= What the task requires =
Set down, please, exactly the lines below that run from the line with "Ein Akku. Das ganze U20-System." to the line with "Seyal Peaky Blindrs", both lines included.

= Supplied material =
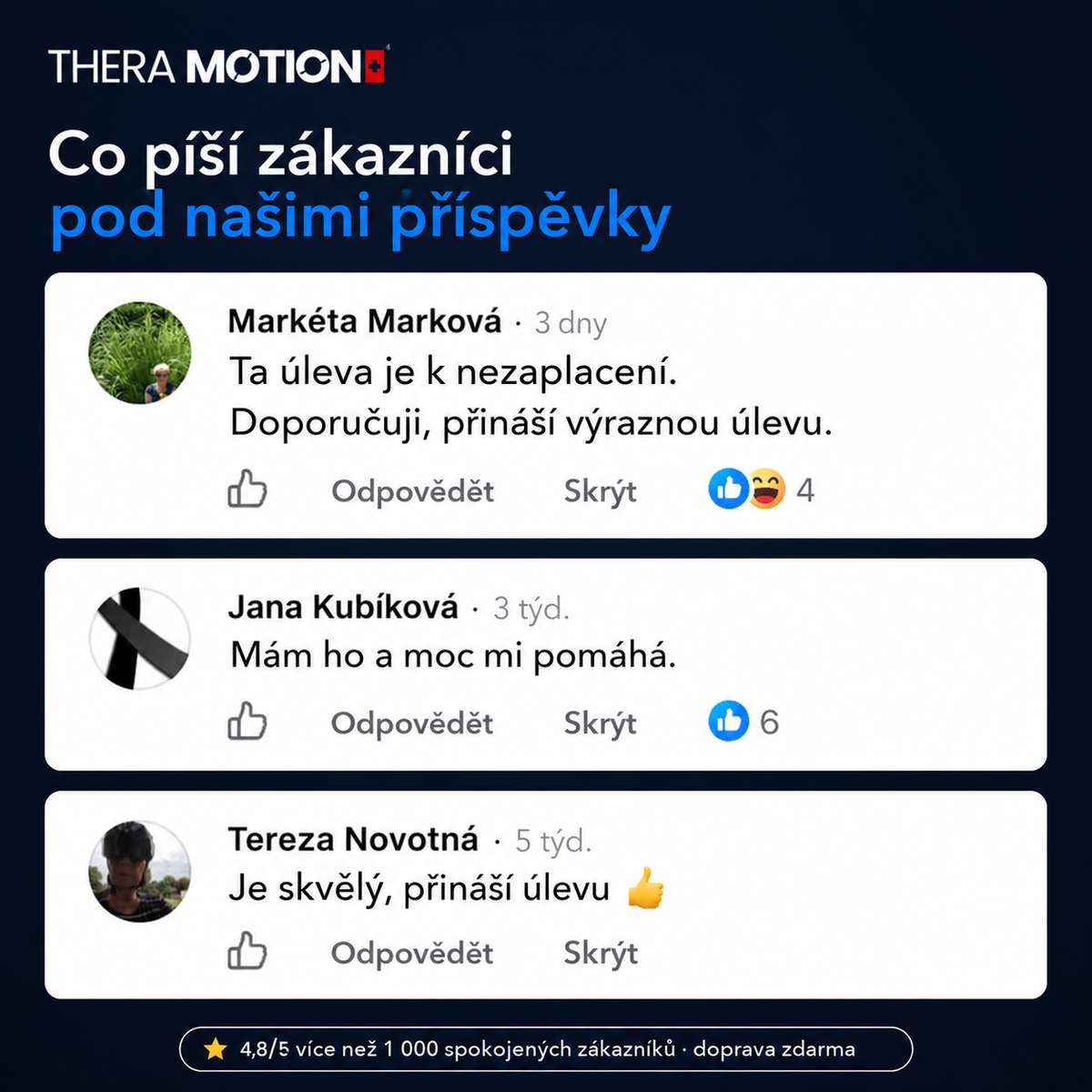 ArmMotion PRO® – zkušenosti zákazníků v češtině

==

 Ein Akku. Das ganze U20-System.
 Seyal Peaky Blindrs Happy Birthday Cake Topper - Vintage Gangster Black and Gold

= Expected answer =
 Ein Akku. Das ganze U20-System.
 Seyal Peaky Blindrs Happy Birthday Cake Topper - Vintage Gangster Black and Gold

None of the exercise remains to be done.